### [What the task requires]
Every line below must be copied as written, except for pictures.

### [Short text fragments from websites]
____________________

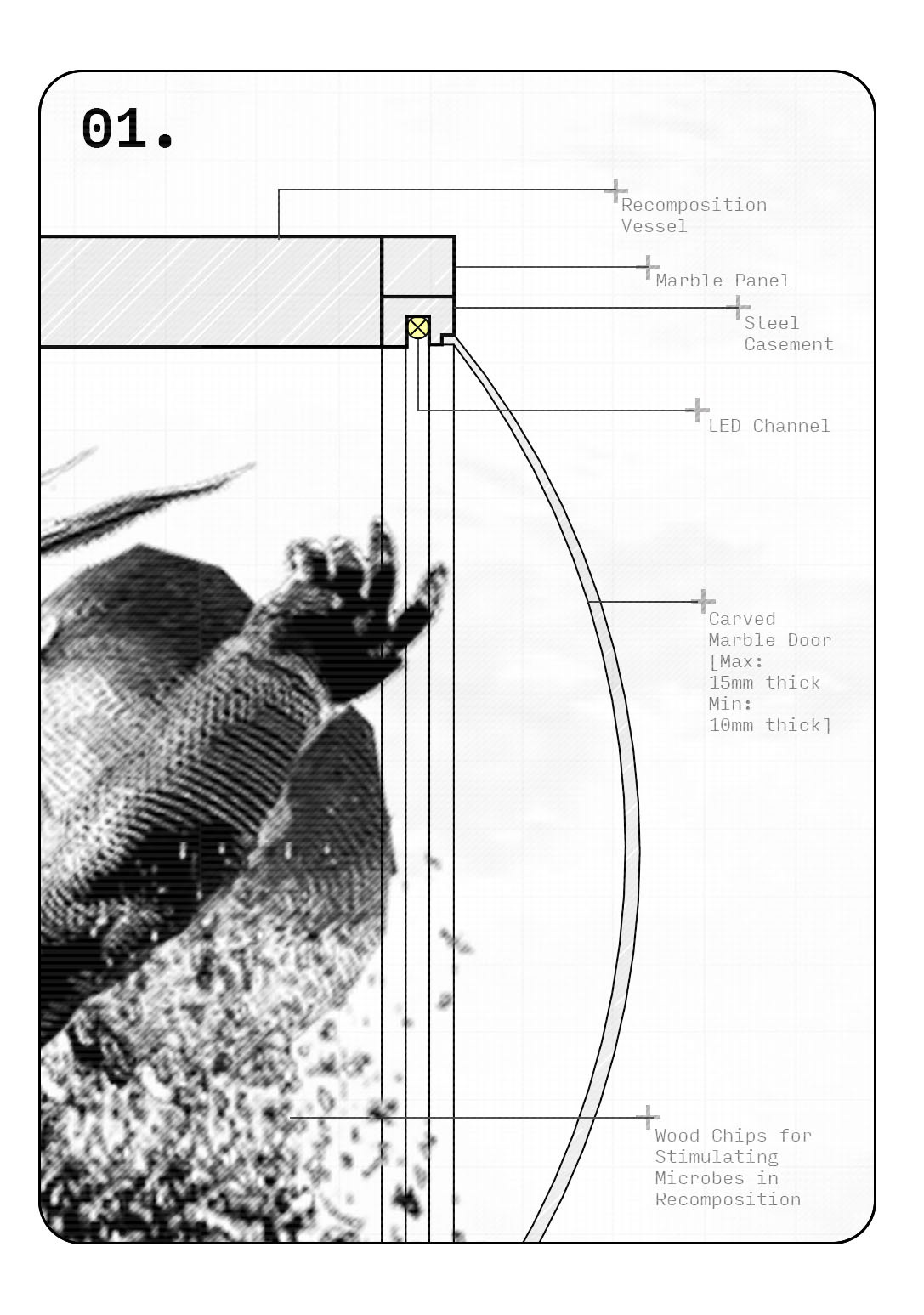 Recomposition Vessel_ Detail.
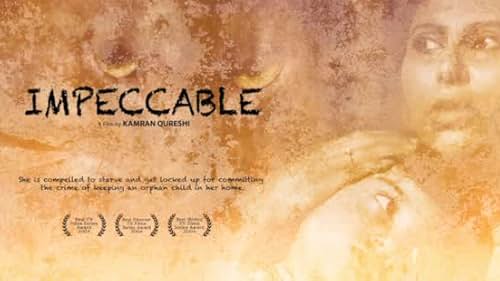 Trailer of Impeccable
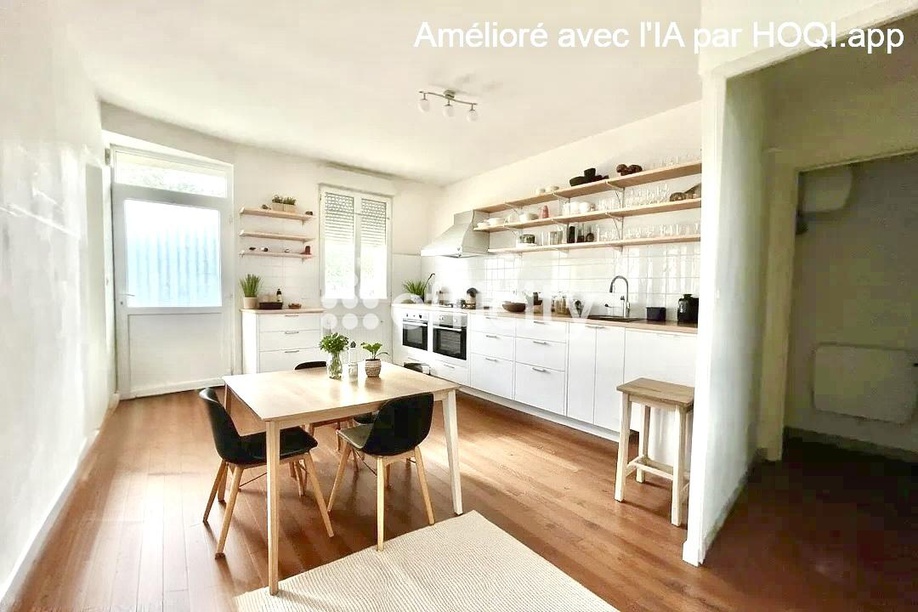 Achat immobilier Maison 5 pièces  140m2 à Chavigny (02880) - Photo n°15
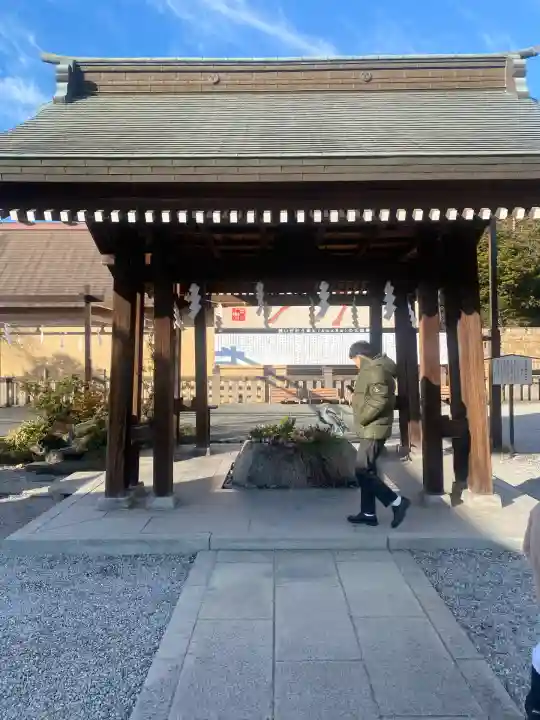 白鷺神社(栃木県)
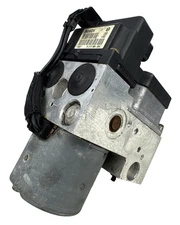 1998-2001 AUDI A6 C5 - ABS PUMP / Control Module UNIT 8E0614111A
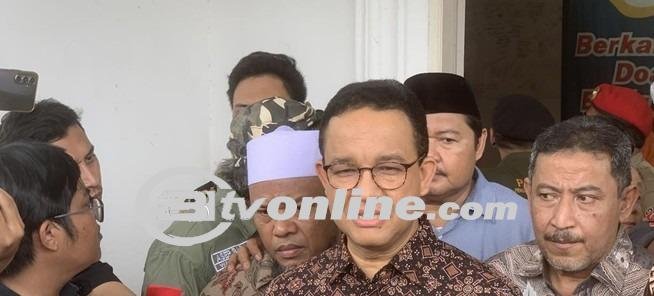 Jambret Bermotor di CFD Sudirman: Anies Baswedan Ingatkan Pentingnya Keselamatan Warga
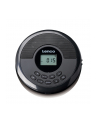 Lenco CD-340BK czarny - nr 1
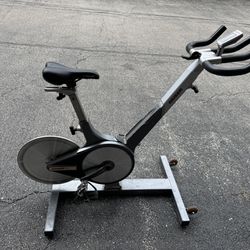 Keiser M3 Stationary Workout Exercise Spin Bike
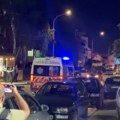 Jedna osoba povređena u pucnjavi na Pešterskoj visoravni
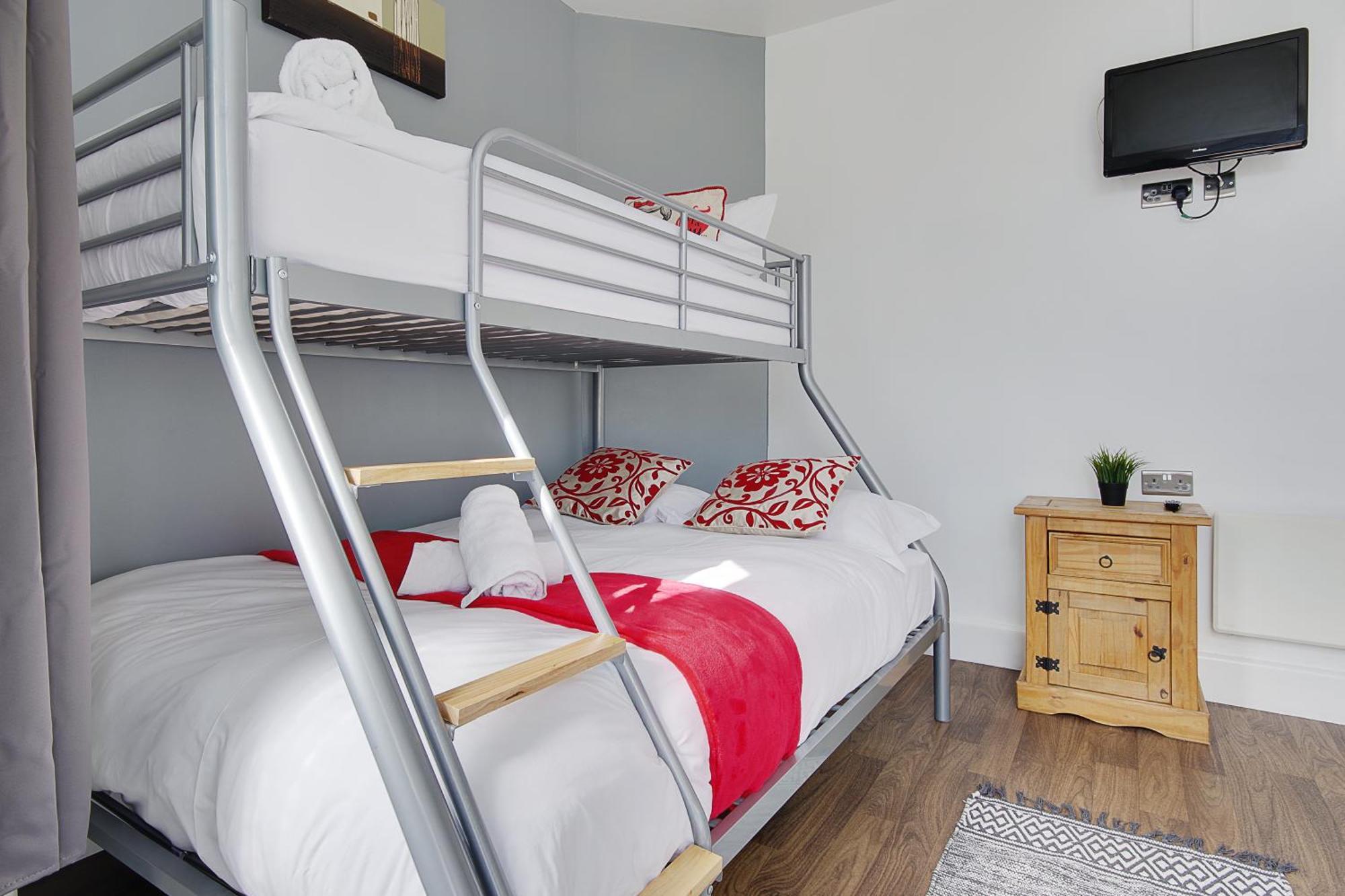 Azure Hotel Bournemouth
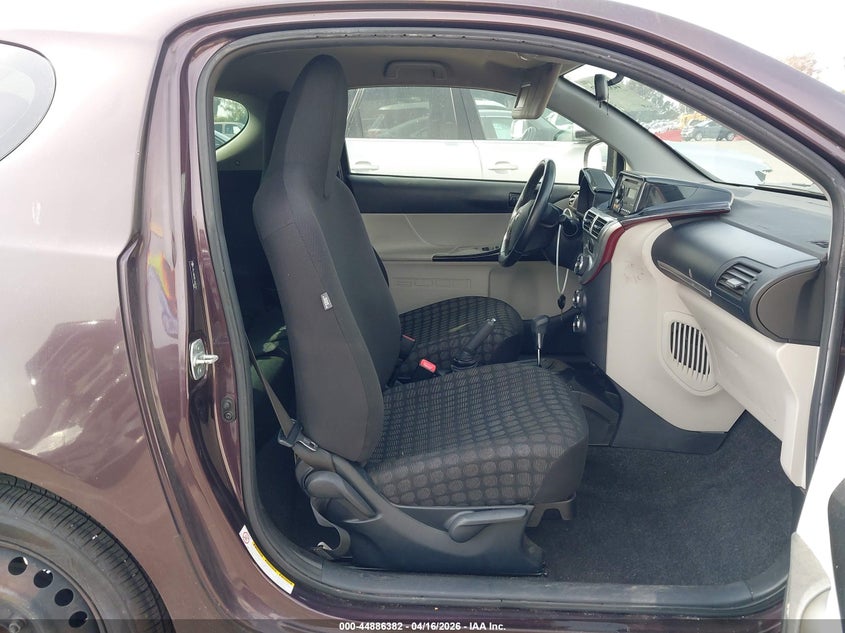 2012 Scion Iq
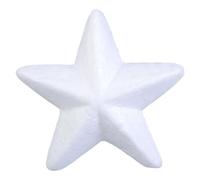 Modelling Polystyrene Styrofoam Foam Ball For Creative White Large Christmas Ornaments Balls Christmas Ornaments Balls White Ball Big Outdoor Tree Skirt Tree Toppers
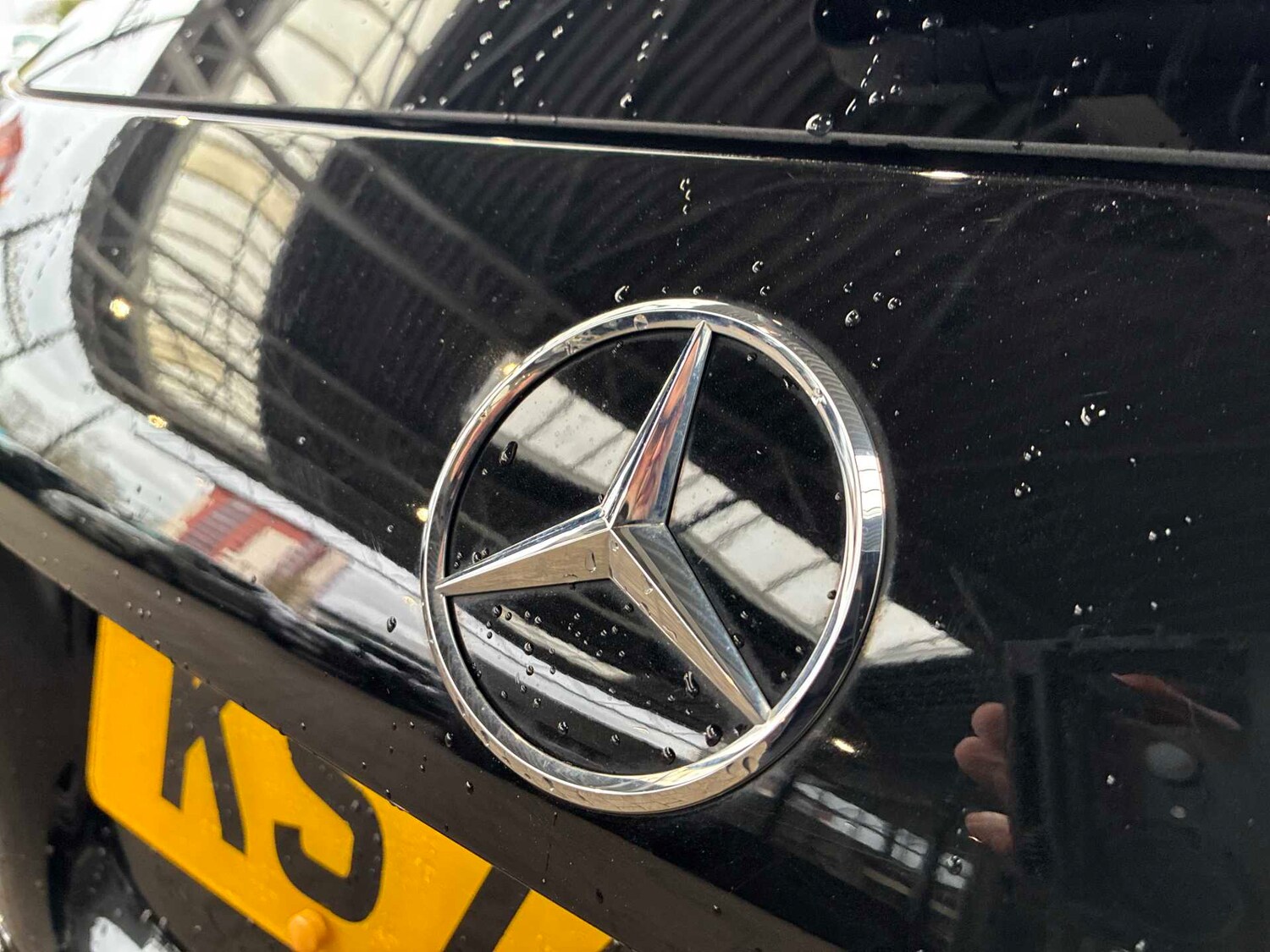 Used Mercedes-Benz A-Class 2025 for sale - 78106392: Photo 34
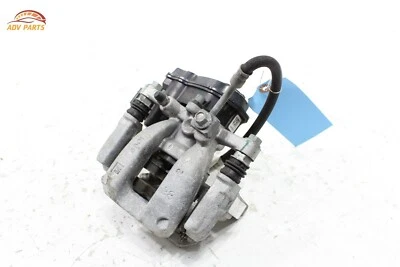 PINZA DE FRENO TRASERA IZQUIERDA LADO CONDUCTOR CHEVROLET TRAX 2024 OEM Foto 1 de 4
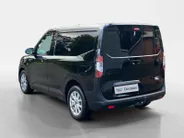Ford Transit Courier 1.0 EcoBoost Limited automaat | NL-Auto| 1e Eigenaar | Dealeronderhouden | Winter Pack | Trekhaak | Navigatie | Camera | Parkeersensoren | Climate Control |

____________________

### [Answer to this task]
 Recomposition Vessel_ Detail.
 Trailer of Impeccable
 Achat immobilier Maison 5 pièces  140m2 à Chavigny (02880) - Photo n°15
 白鷺神社(栃木県)
 1998-2001 AUDI A6 C5 - ABS PUMP / Control Module UNIT 8E0614111A
 Jambret Bermotor di CFD Sudirman: Anies Baswedan Ingatkan Pentingnya Keselamatan Warga
 Lenco CD-340BK czarny - nr 1
 Keiser M3 Stationary Workout Exercise Spin Bike
 Jedna osoba povređena u pucnjavi na Pešterskoj visoravni
 Azure Hotel Bournemouth
 2012 Scion Iq
 Modelling Polystyrene Styrofoam Foam Ball For Creative White Large Christmas Ornaments Balls Christmas Ornaments Balls White Ball Big Outdoor Tree Skirt Tree Toppers
 Used Mercedes-Benz A-Class 2025 for sale - 78106392: Photo 34
 PINZA DE FRENO TRASERA IZQUIERDA LADO CONDUCTOR CHEVROLET TRAX 2024 OEM Foto 1 de 4
Ford Transit Courier 1.0 EcoBoost Limited automaat | NL-Auto| 1e Eigenaar | Dealeronderhouden | Winter Pack | Trekhaak | Navigatie | Camera | Parkeersensoren | Climate Control |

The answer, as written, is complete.